お次の演目は、男性が鼻から口にチェーンを通して、それで水の入ったバケツを持ち上げるもの、、、 これも強烈に痛そうで、、、、ちなみに、この男性は”三重県から来た寝たきり老人”と名乗り「元気ですか?」の掛け声に「、、、死にそうです、、、」と返す(笑)
鼻芸人はそれだけでは終わらない、別の現代の若者風の格好(にしてはルパン三世のようなジャケットを着ている)は鼻の中にトンカチで長釘を打ち込み、S字フックを通し、最終的には電動ドリルを鼻に入れるのを、、、観客にやらせる、、、(たぶんサクラでしょうけど)ここで他の客から「おいおい、ずいぶん鼻通りが良くて羨ましいな!」との合いの手。
そんな力業の舞台から視線を外すと、先程の蛇女さんが奈落でなにやら吐いてるし、、、
冒険小説「ダレン・シャン」の見世物小屋は、 もうちょっとブラックだけど、ユーモアがあるように描かれていたんだけどなぁ。 日本の湿気ある風土を、すっかり忘れてました。
さてと。どうもこれでは下手物趣味で後味が悪い。
__お後がよろしいようで、と、何か落ち話にしたい所ですが、生憎手前にはその技量が無い。

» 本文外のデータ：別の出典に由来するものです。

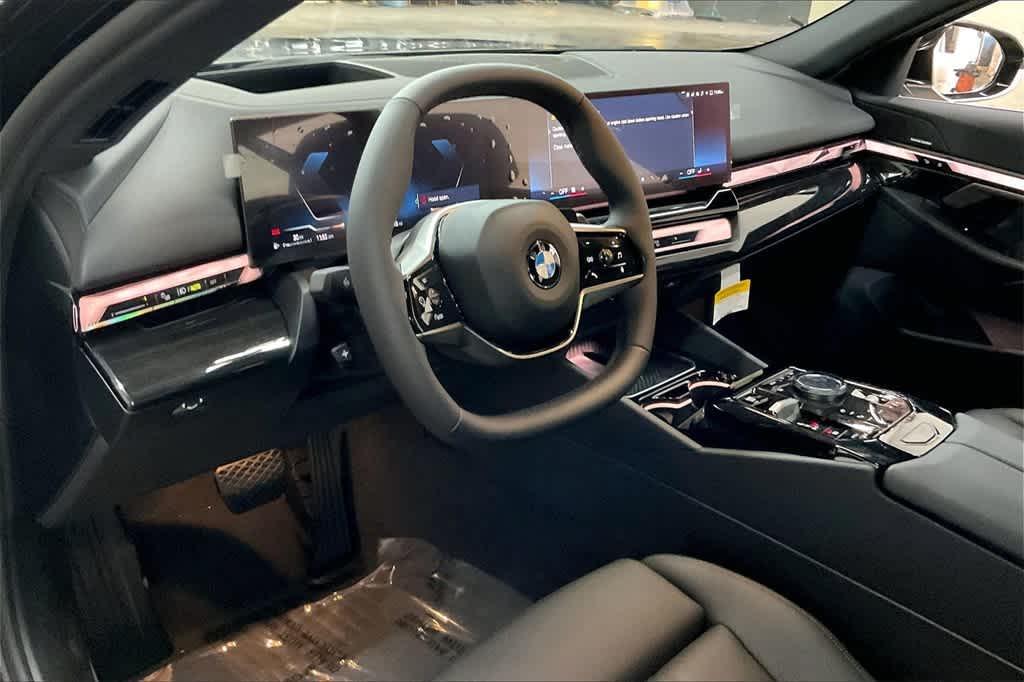 new 2025 BMW 540 car, priced at $70,775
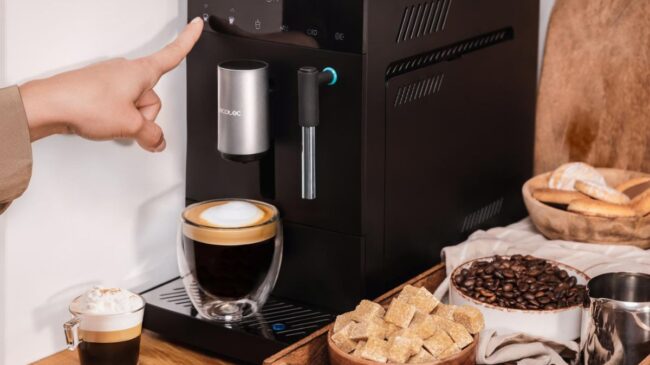 ¿Amante del café? Cecotec te lo pone fácil con esta cafetera automática que ahora tiene 100 euros de descuento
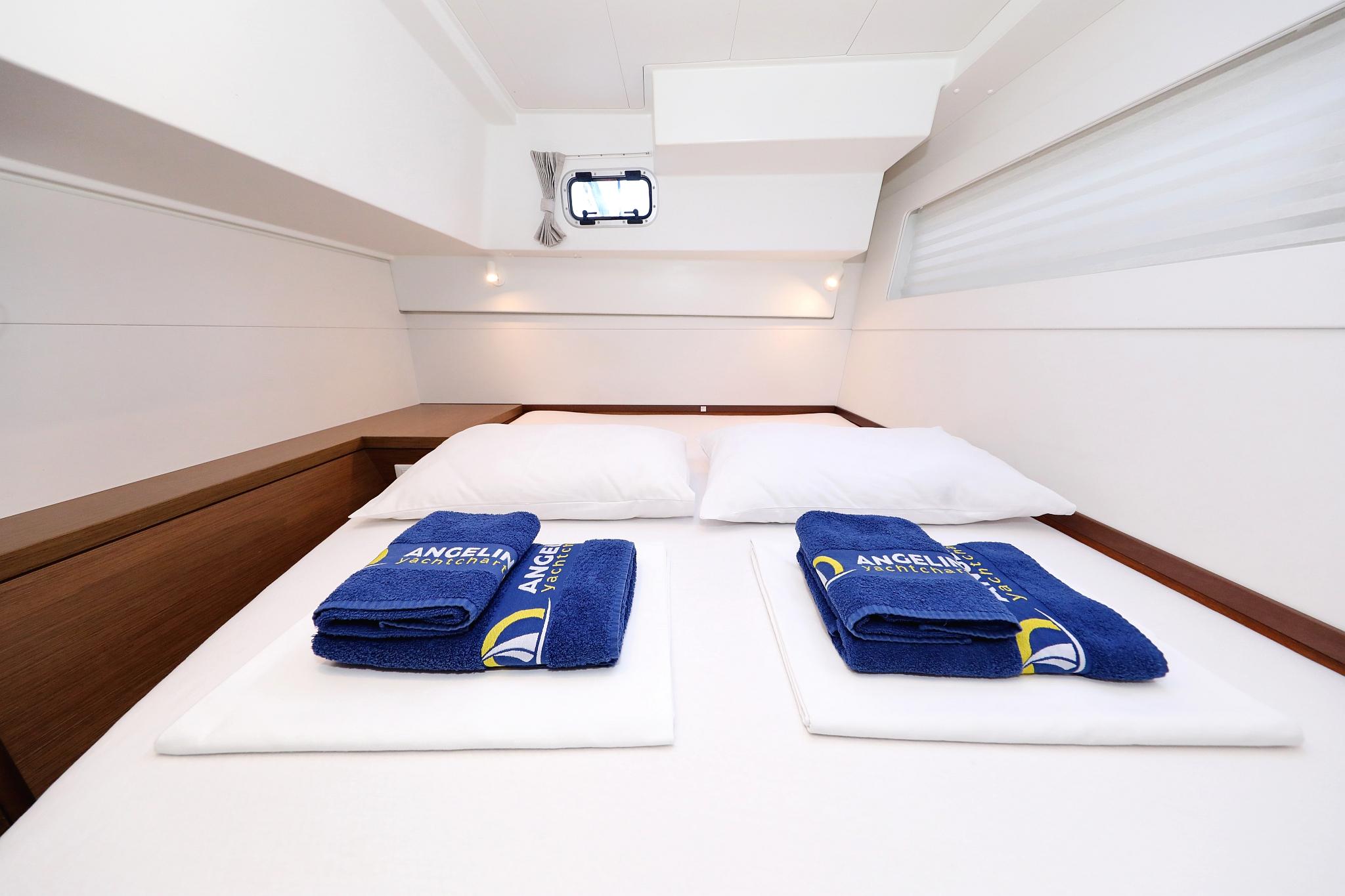 Lagoon 40 - 4 + 2 cab, picture 26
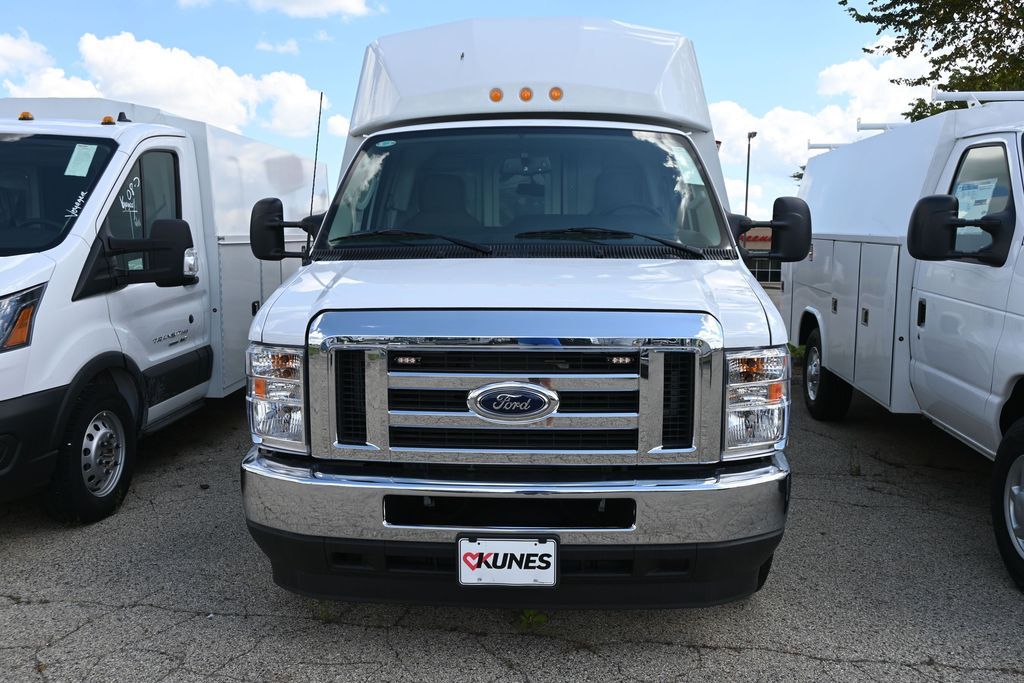 2025 Ford E-Series Cutaway Base - Photo 9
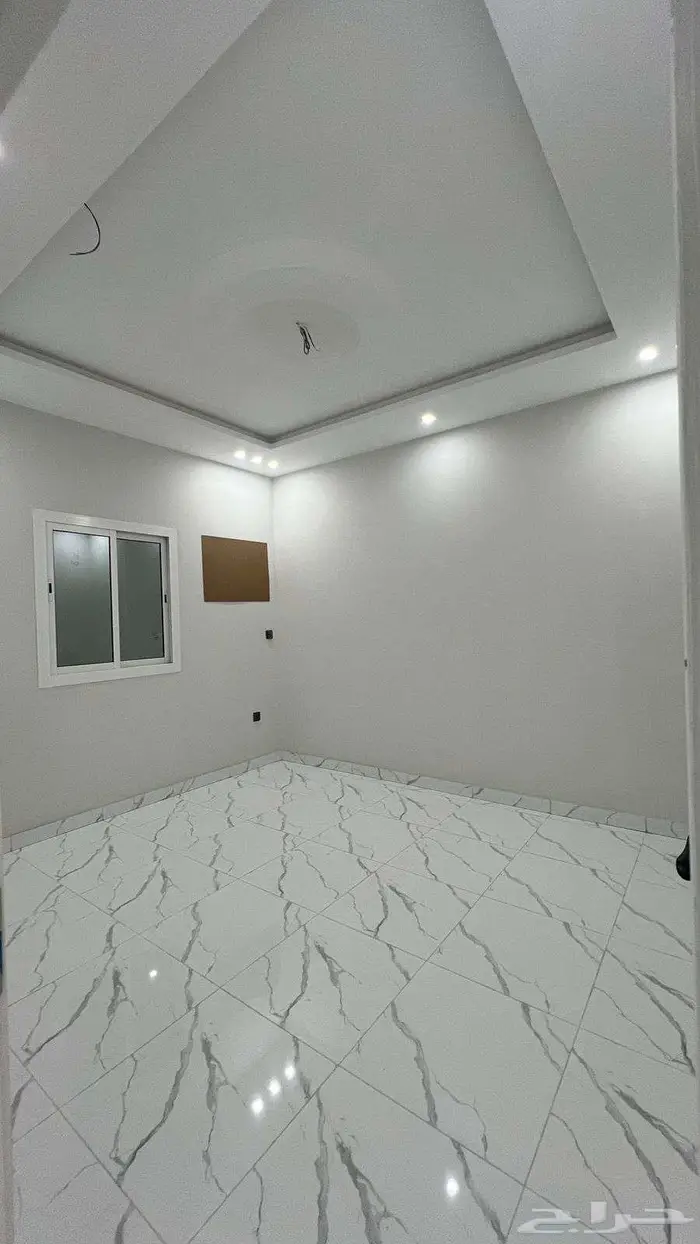 شقه 6 غرف حي الريان ب600 الف 2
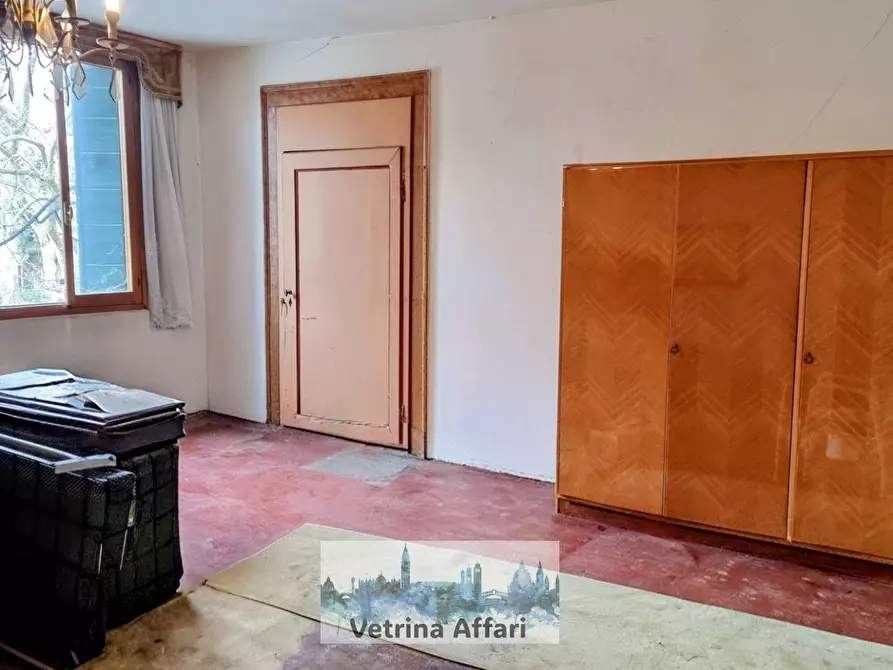 Immagine 13 di Appartamento in vendita  in campo san giacomo a Venezia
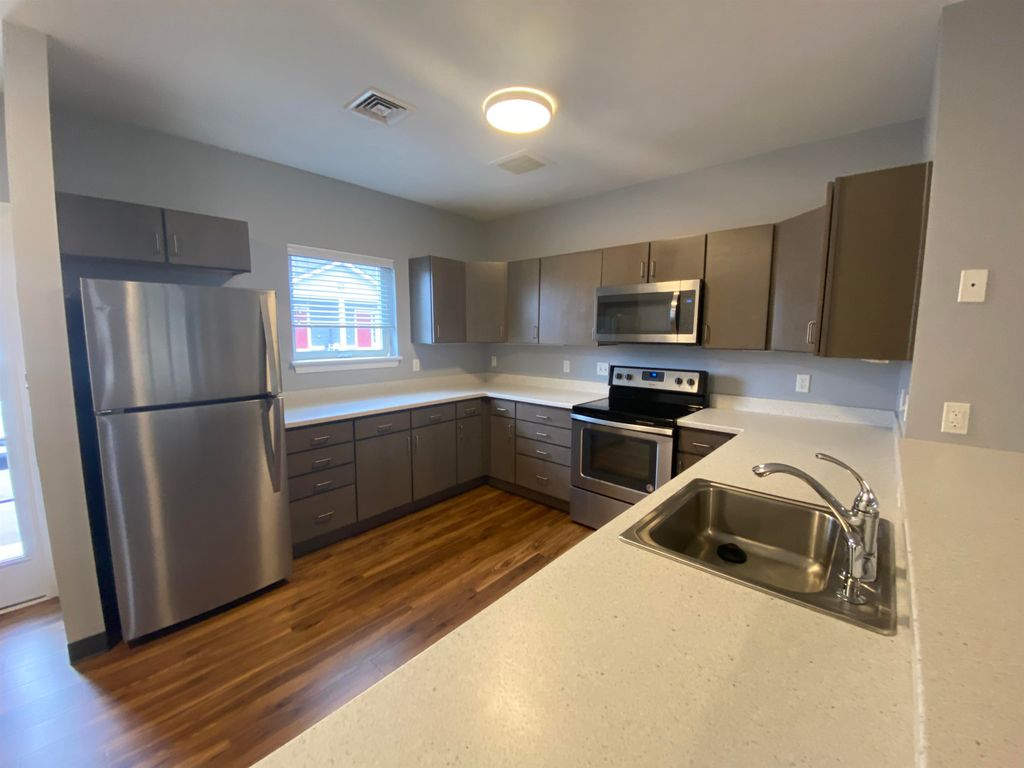 Photo of 27 East Ridge Drive #1, Milford, NH 03055 (MLS # 5067031)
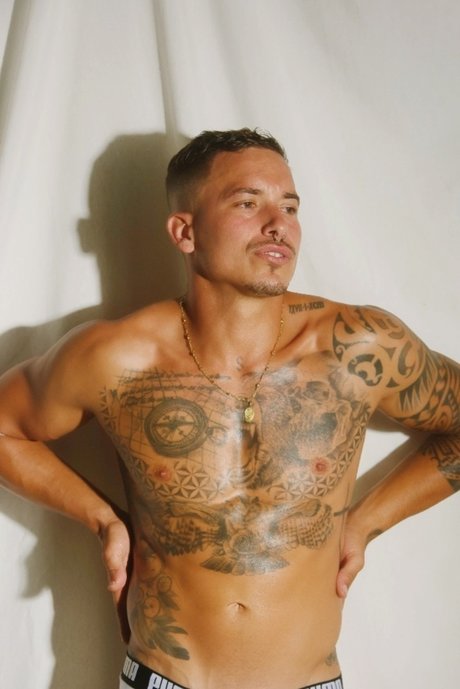 Saul Kamasutra star xxx pictures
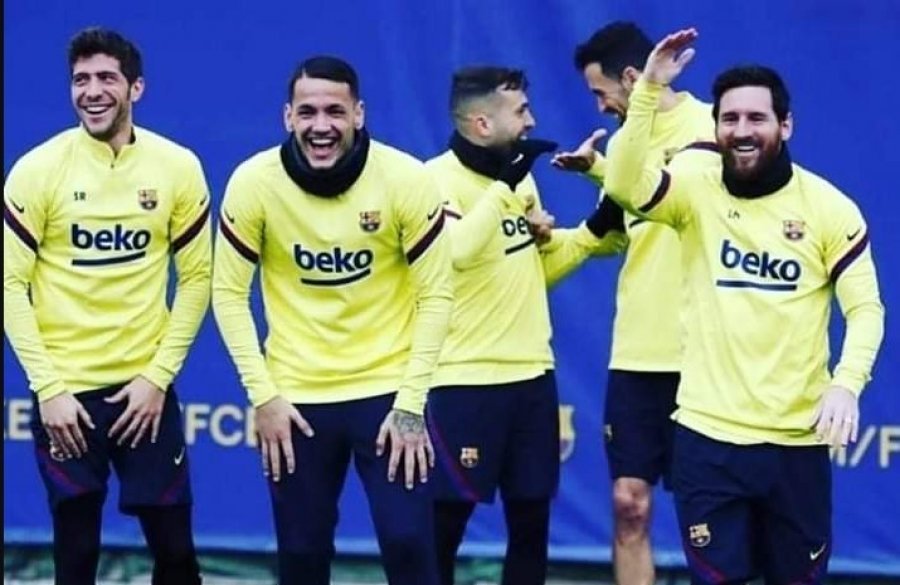 Manajt i buzëqesh përsëri fati, pjesë e listës për ndeshjen e sotme të Barcelonës 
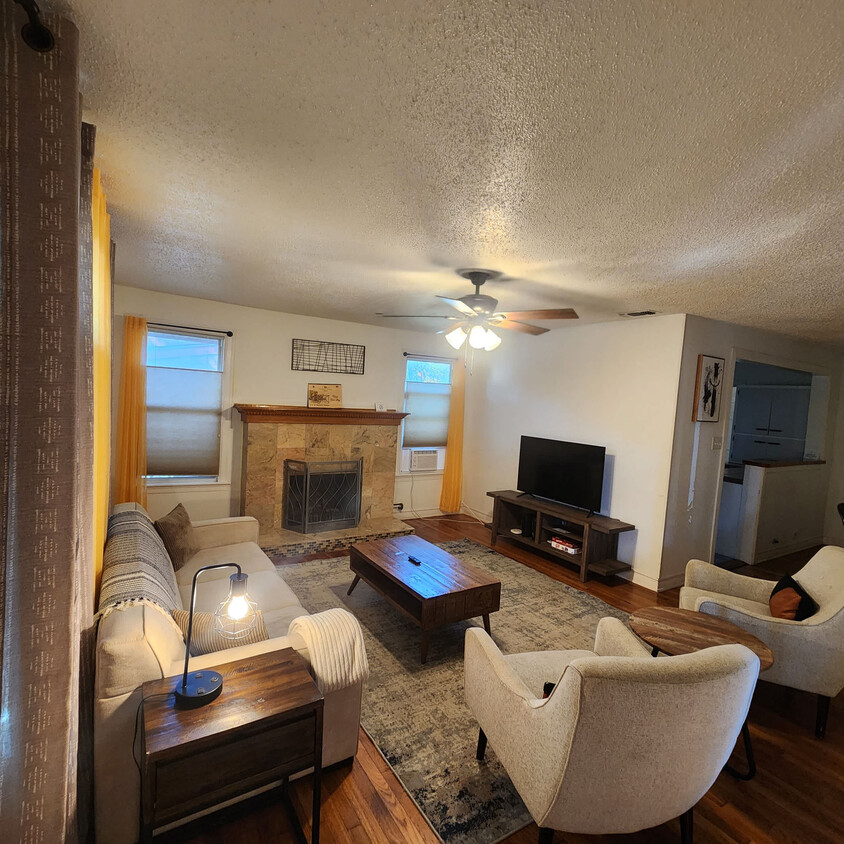 Primary Photo - 1743 W Huisache Ave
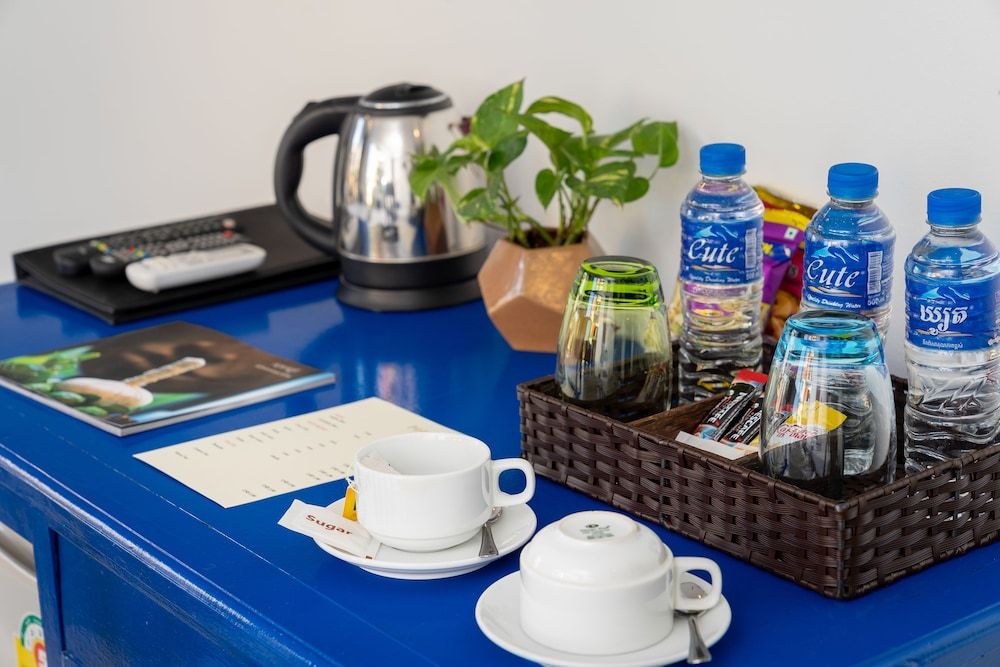 Popular Hotel & Spa Standard Twin Room 8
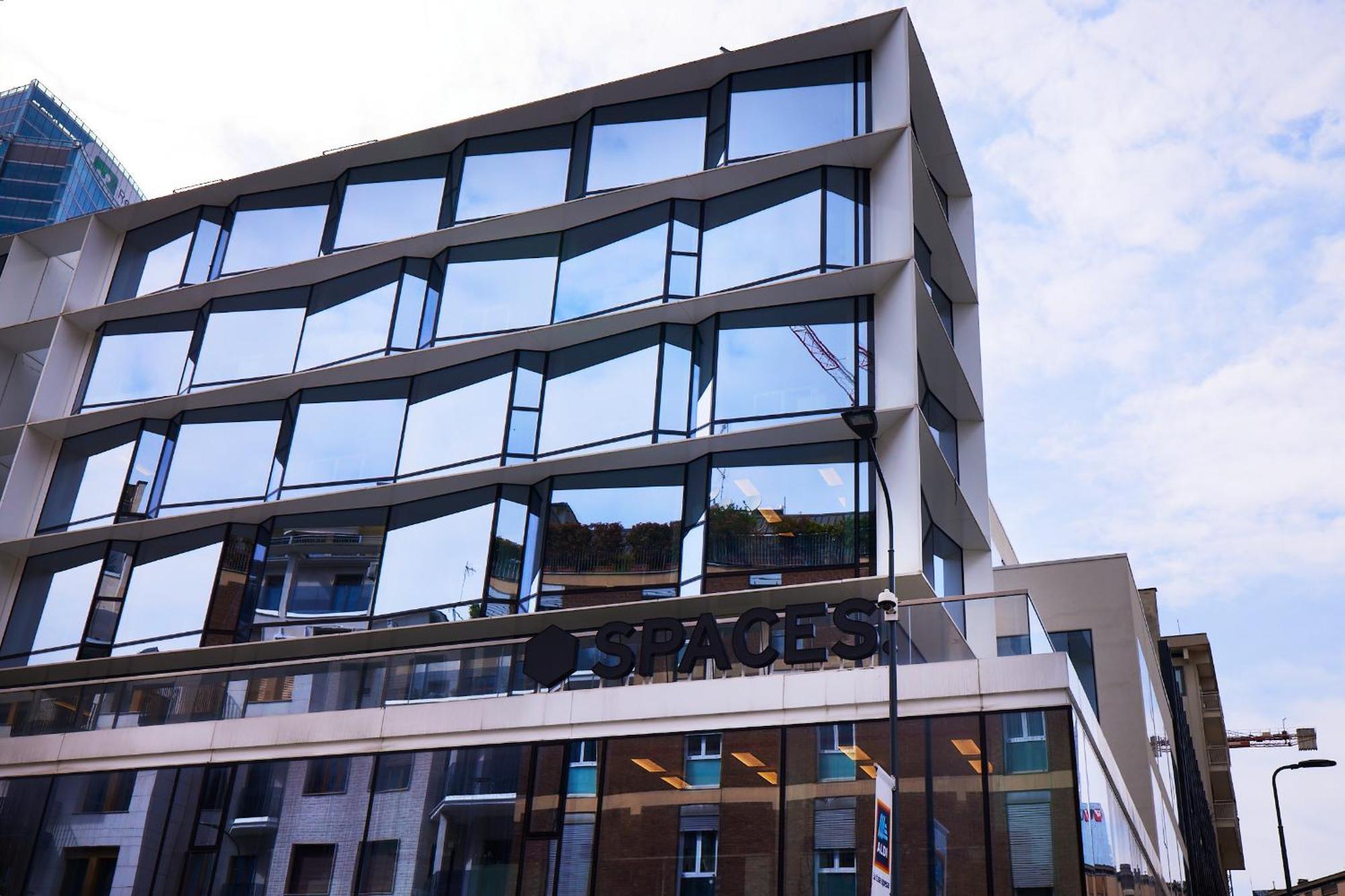 Italian Fashion - Luxurious Marble City Center Appartamento Milano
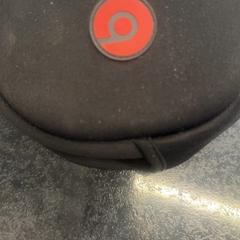 Auriculars, segons ha informat Rotterdam The Hague Airport mitjançant iLost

こちとら本屋の商い家業。関連本を一冊紹介して〆にしやしょう。
見世物小屋の記事に合わせて仕入れた本です。
図譜でもありますが、日本各地の寺宝になっている河童や人魚、鬼などのミイラが写真で載っています。一部閲覧注意です。勇気のある方は店長までどうぞ。
、
、、
、、、
ん? そう言えば、当店の会計も後払いでしたっけ。